It’s spring and all the farmers at Oyama Senmaida are busily preparing for rice planting season. This week, I lent a hand with 種蒔 tane-maki, which we’d call sowing in English.
On Monday, we prepared 220 seed trays for the Sake Owners program. The sowing is staggered to match the planting dates in late April through the end of May. Sake rice takes a bit longer to mature than the koshihikari variety, so it always goes first.



Each seed tray is mechanically prepared to ensure consistency. Shallow trays filled with special soil run through the machine like an EZ Bake oven. A slow conveyer belt passes under a shower bar, then seeds are scattered from the first hopper, covered with soil from the second hopper, swept flat, and slowly ejected onto a landing platform.

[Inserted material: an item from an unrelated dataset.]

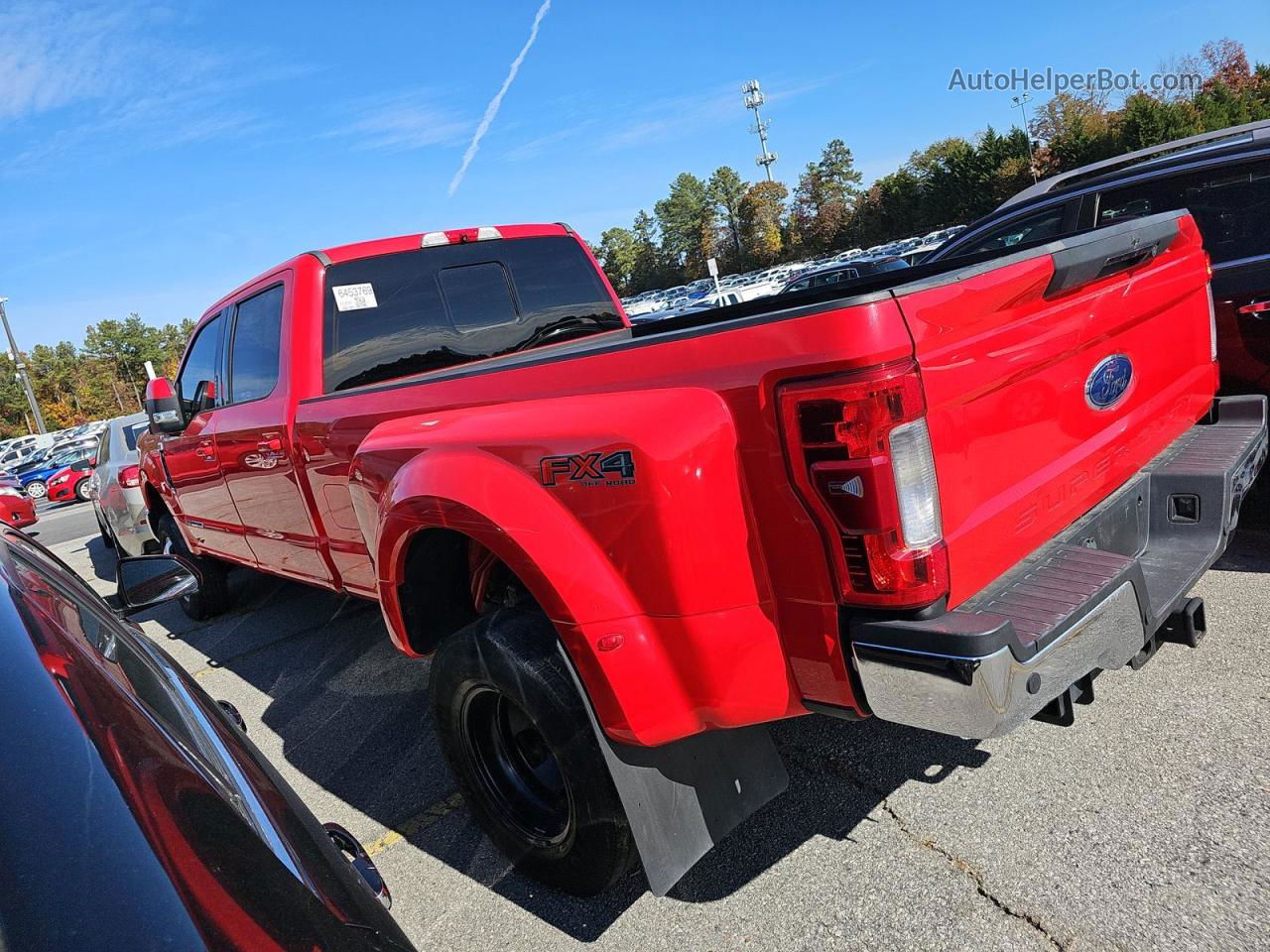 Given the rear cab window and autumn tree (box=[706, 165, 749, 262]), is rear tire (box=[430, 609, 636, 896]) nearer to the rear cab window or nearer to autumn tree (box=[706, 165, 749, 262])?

We humans (farmers, staff, and volunteers) fed the machine and carried the finished trays carefully from the machine to their assigned row in the greenhouse. Afterward, we covered all the trays with a very long plastic sheet to keep the seedlings safe from any frosty nights that might still come. The bed will be flooded with water and the seeds should sprout before long.



With six people carrying trays, one person placing them in rows, and three more working the machine, we finished the tane-maki in about two and a half hours.
That’s the first of many sessions that happen this year as Oyama Senmaida prepares for over 400 program members and 1200 schoolchildren to come plant rice.